● **Task to complete**:
Reproduce the whole listing exactly, omitting any picture it holds.

● **Given information**:
◇ ◇ ◇ ◇

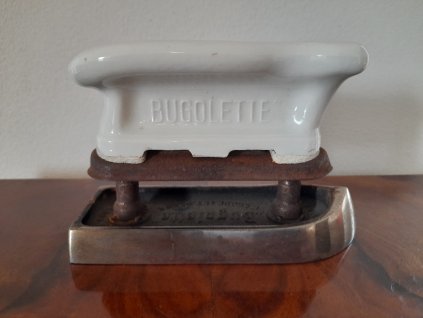 Porcelánová žehlička Bugolette z rok 1935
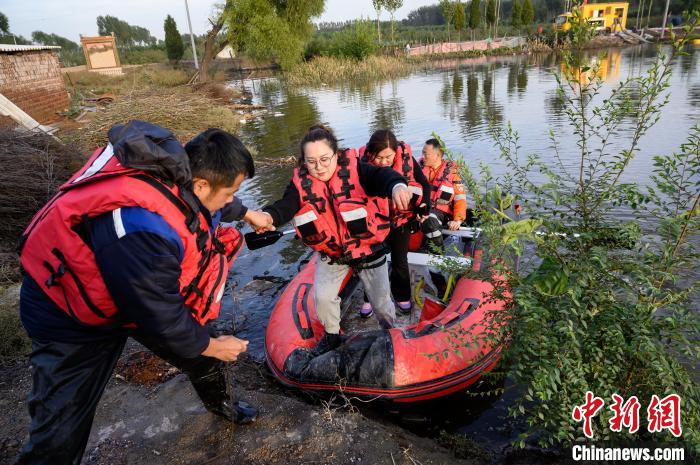 救援人員將受災(zāi)民眾轉(zhuǎn)移至安全地帶?！№f亮 攝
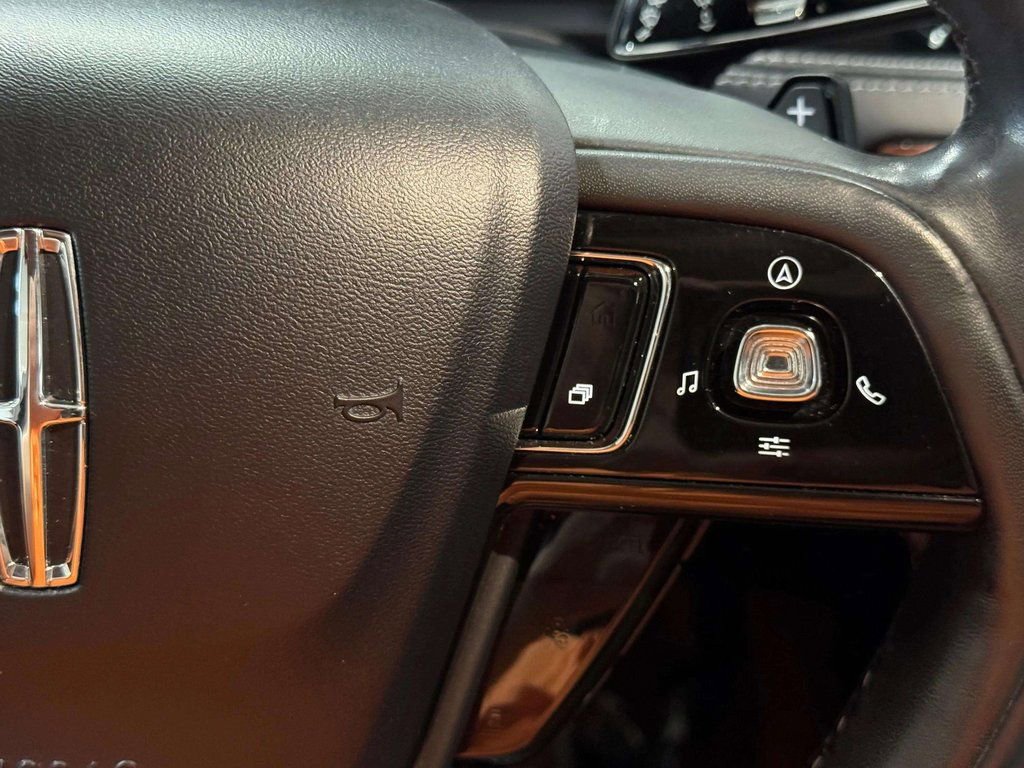 Used 2020 Lincoln Corsair Reserve w/ Equipment Group 202A image 12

◇ ◇ ◇ ◇

● **Solution to this task**:
 Porcelánová žehlička Bugolette z rok 1935
 救援人員將受災(zāi)民眾轉(zhuǎn)移至安全地帶?！№f亮 攝
 Used 2020 Lincoln Corsair Reserve w/ Equipment Group 202A image 12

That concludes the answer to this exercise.